When transferred to a 100 c.c. graduated cylinder and left to stand for 3 hours, an excessive amount of insoluble precipitate settles at the bottom and separates into a colorless and transparent upper layer liquid. Accurately collect this transparent upper layer liquid with a 20 ml home pipette, carefully transfer it to a small evaporating dish of known weight, evaporate it on a heavy boiling water pot, and after the content water has evaporated, the remaining solids in the evaporating dish are 1 in a constant temperature dryer at 100~110° with the evaporating dish.

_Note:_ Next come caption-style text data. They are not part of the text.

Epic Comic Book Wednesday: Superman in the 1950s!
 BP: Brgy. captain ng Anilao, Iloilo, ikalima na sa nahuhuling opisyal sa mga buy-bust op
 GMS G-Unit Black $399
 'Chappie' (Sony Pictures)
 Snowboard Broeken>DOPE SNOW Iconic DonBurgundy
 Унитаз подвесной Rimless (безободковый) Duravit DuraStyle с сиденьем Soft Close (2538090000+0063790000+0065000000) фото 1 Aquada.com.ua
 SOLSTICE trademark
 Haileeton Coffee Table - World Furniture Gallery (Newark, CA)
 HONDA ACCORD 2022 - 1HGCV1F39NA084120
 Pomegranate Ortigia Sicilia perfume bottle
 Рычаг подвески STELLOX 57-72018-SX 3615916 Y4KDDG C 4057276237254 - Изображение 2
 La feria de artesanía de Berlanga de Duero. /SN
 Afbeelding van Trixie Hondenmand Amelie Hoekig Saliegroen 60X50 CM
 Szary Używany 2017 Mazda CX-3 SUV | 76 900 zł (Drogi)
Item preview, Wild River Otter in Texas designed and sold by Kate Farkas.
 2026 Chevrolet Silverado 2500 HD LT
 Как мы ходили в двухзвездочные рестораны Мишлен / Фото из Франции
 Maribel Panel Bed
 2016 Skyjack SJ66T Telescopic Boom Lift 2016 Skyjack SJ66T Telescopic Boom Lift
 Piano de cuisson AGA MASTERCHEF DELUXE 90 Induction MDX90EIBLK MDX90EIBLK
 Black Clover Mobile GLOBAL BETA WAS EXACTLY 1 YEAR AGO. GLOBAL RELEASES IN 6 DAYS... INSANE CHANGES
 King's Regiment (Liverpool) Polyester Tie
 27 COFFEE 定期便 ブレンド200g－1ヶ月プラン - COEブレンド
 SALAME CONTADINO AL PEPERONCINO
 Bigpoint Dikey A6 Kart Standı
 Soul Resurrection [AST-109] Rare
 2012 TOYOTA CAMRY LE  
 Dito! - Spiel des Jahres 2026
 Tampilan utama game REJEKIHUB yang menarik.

After drying for ~2 hours, leave to cool in an excircator, weigh, and subtract the amount of the evaporating dish whose weight is known from the total weight to obtain the total amount of the sample dissolved in 20 ml. Multiply that number by 5 to get the amount of sample dissolved in 100ml. Small evaporating dish 18.41g 20c.c.m Total weight after evaporation 18.57g 18.57 ∴ −18.41 0.16 0.13×5=0.65g…100c.c. in water 0.16×5=0.8g The product of the present invention is included in the Japanese Pharmacopoeia. The results of a solubility test conducted in accordance with the above are as follows (Shizuoka Prefectural Institute of Health Test Results). 0.4% dissolves. 0.5% Not completely dissolved. 0.6% Same as above Solubility 0.14% (19℃).

Claims (1)

[Claims] 1. A water-soluble composite composition of calcium malate and calcium citrate, characterized in that the molecular weight ratio of calcium malate to calcium citrate is at least 2:1. . 2 Dissolve less than 70% citric acid and more than 30% malic acid in water and neutralize the solution by adding calcium hydroxide or calcium carbonate, or dissolve less than 70% sodium citrate and 30% The above sodium malate is dissolved in water, a corresponding chemical molecular equivalent of calcium chloride is added, and the resulting crystalline precipitate is then separated, each having a molecular weight ratio of at least 2: A method for producing a composite composition of calcium malate and calcium citrate in which calcium malate and calcium citrate are combined at a ratio of 1.